Question:
I am a 24 year old girl from Iran. I am a meditation beginner . These days I am getting out of a 3 year complicated relationship with a man which I loved so much, and I must confess I still do love him. He had a hard life while he was a child during the Iran-Iraq war, many other problems and pains in the previous years, death of his best friend and then the year after his mother died (they were really attached to each other) he went through a very serious mental problems, not accepting the fact of his mother’s death, anger, addiction and I can make u a list till tomorrow!!!and last year his older brother died!

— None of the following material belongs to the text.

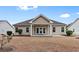 Back exterior view of home with a covered patio and a well-manicured lawn at 494 Battey Dr., Myrtle Beach, SC 29588
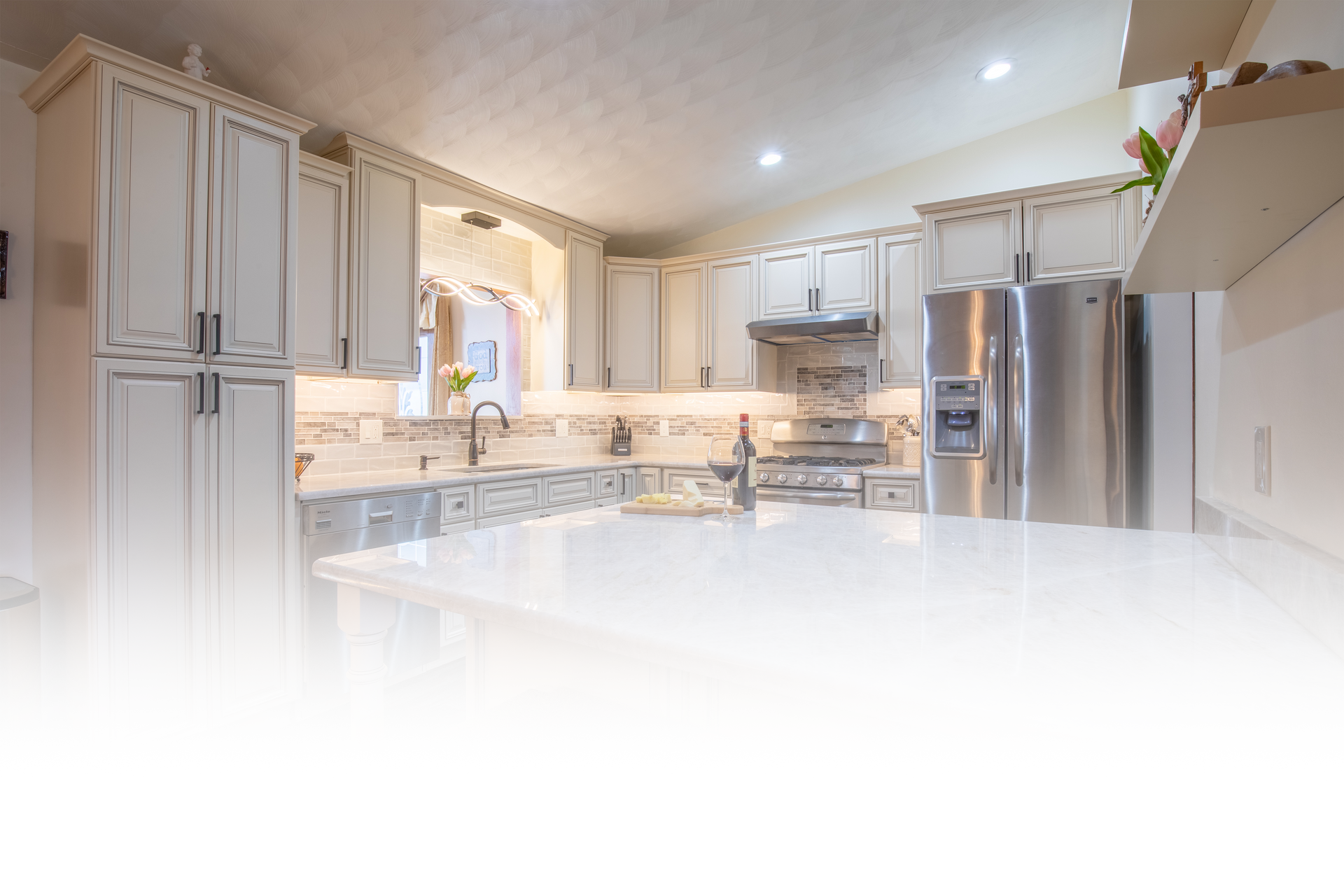 A kitchen with white cabinets and stainless steel appliances.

He loves me so much ,but I think it’s no good for me to continue being in this relationship and he is not making any progress, I tried so hard to help him but he is the one who has to help himself. I am so tired, so hurt and i want to heal my own pains but why there is still a tiny little hole of hope inside me that makes me dream that maybe one day we can be together and everything will be fine and he will be healed and he will become wise.
I am doing my life on my own, everything around me is fine, education, work, art(I am studying illustration),but I am trying to forget that this relationship maybe be on again in a long future, why do I have this hollow hope yet? Everybody tells me that u have still hope, but why really?!How can I le t it go? What should I do not thinking of it,???:(
p.s: sorry if my English is not rich enough, I hope I could convey what my question is…
Answer:
The reason it is so hard for you to let go is because you still love him and he loves you. I appreciate that you are tired and hurt and feel you are ready to work on your own wounds. Perhaps some of your frustration and difficulty lies in your perception of the situation. You said you have tried so hard to help him but that he is not making any progress. When one is in a close relationship with someone who is recovering from as much personal loss in their life, as your ex- boyfriend is going through, then the best help they can receive from their partner is simply their close presence, not their active work in “helping” them get better. The other point is that progress in recovering from grief and trauma does not usually follow a straight upward line. From your point of view you may not be able to accurately assess his real progress based on your own frustrations and unmet needs.
The other point I wanted to make is that when we are closely involved with someone whose problems are so obviously more dramatic than our own, we tend to think that we are not able to heal and work on ourselves because the others difficulties are so dominating the situation. In fact, whatever feelings we are going through at the time are the exact issues that we need to heal. So even feelings of being overlooked and insignificant, or not being powerful enough to heal someone you love—whatever emotional frustrations you are dealing with are precisely the wounds in your heart that you need to heal, whether you are with him or not.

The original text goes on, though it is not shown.